### Task
Starting at the first line of the data, print every line up to and including the one with "Student or programmer", but no pictures.
*** Given material Section Begins ***
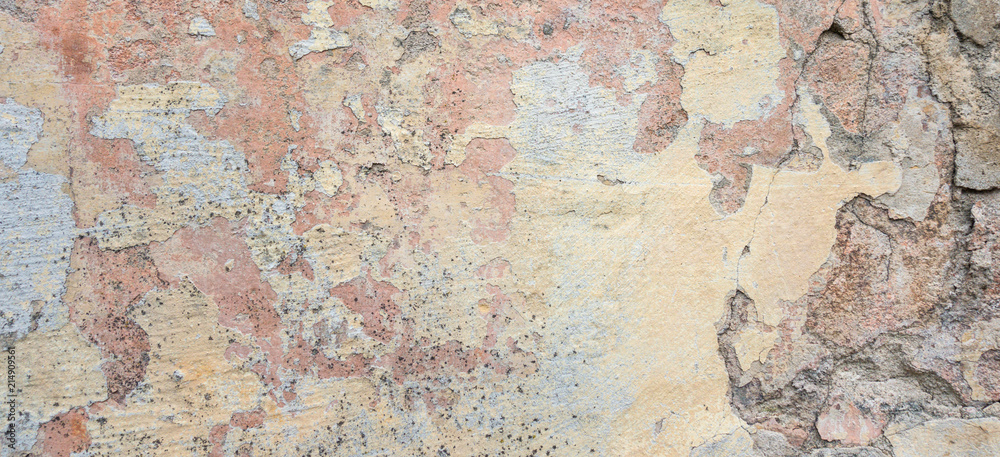 Fototapeta premium Old Wall With Peel Grey Stucco Texture. Retro Vintage Worn Wall Background. Decayed Cracked Rough Abstract Banner Surface.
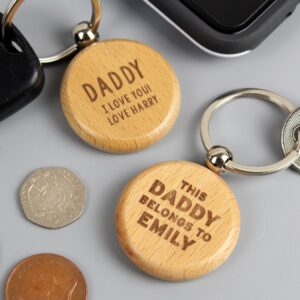 Personalised Belongs To Keyring: A high-quality metal or wooden keyring engraved with the words "This Belongs To" followed by custom names like "Daddy" or "Grandad." Shown with a sturdy silver split ring on a neutral background.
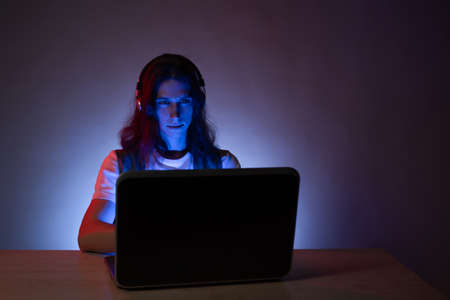 Student or programmer at a laptop, portrait in neon tinting. Funny guy geek writes code. Training in digital specialties, website development, design and programming.の写真素材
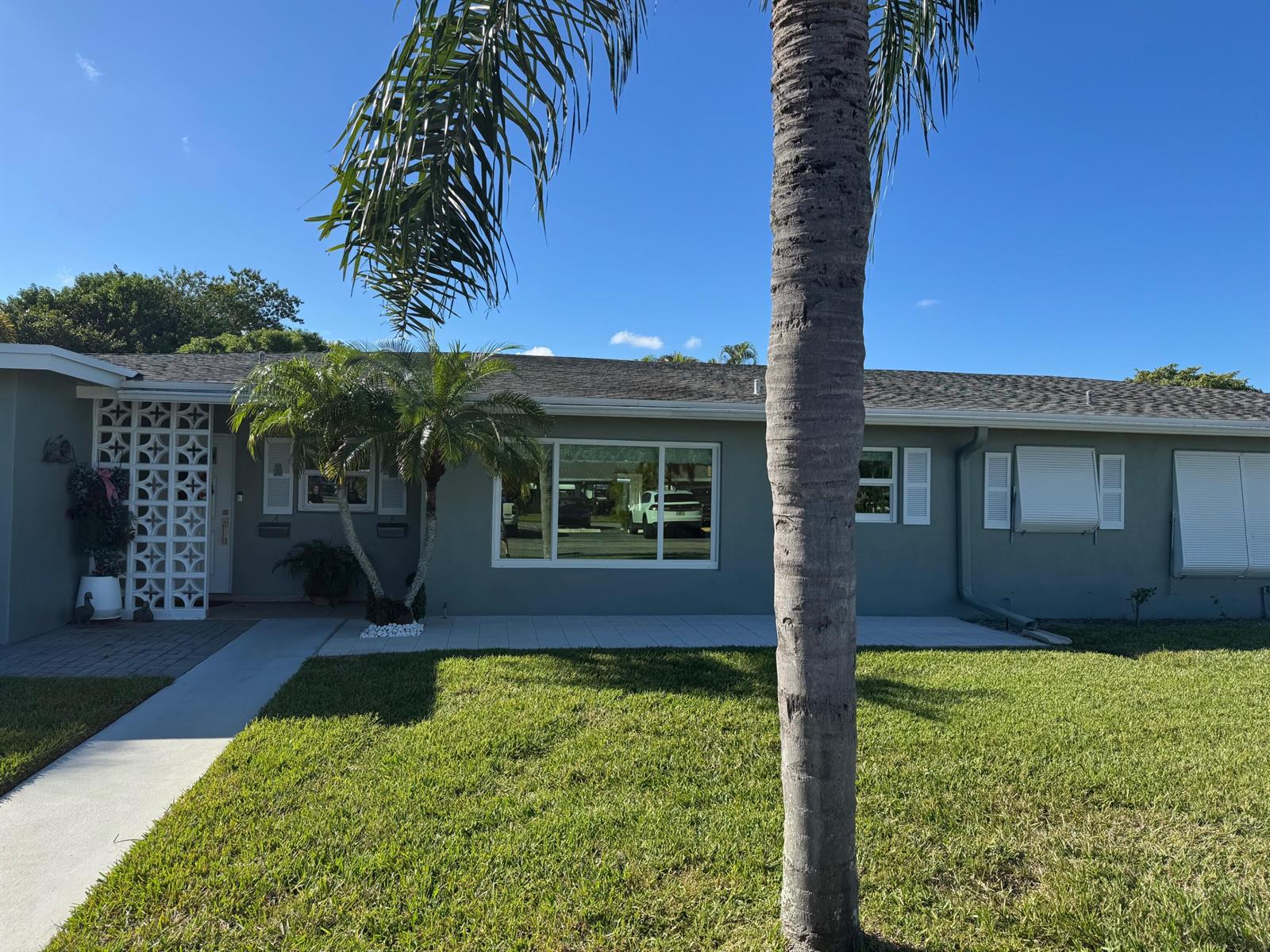 A single-story gray house with a palm tree, a front patio, and decorative lattice screen — 917 S Drive Terrace # B, Delray Beach FL 33445, DELRAY BEACH, FL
*** Given material Section Ends ***
### Solution for this exercise
 Fototapeta premium Old Wall With Peel Grey Stucco Texture. Retro Vintage Worn Wall Background. Decayed Cracked Rough Abstract Banner Surface.
 Personalised Belongs To Keyring: A high-quality metal or wooden keyring engraved with the words "This Belongs To" followed by custom names like "Daddy" or "Grandad." Shown with a sturdy silver split ring on a neutral background.
 Student or programmer at a laptop, portrait in neon tinting. Funny guy geek writes code. Training in digital specialties, website development, design and programming.の写真素材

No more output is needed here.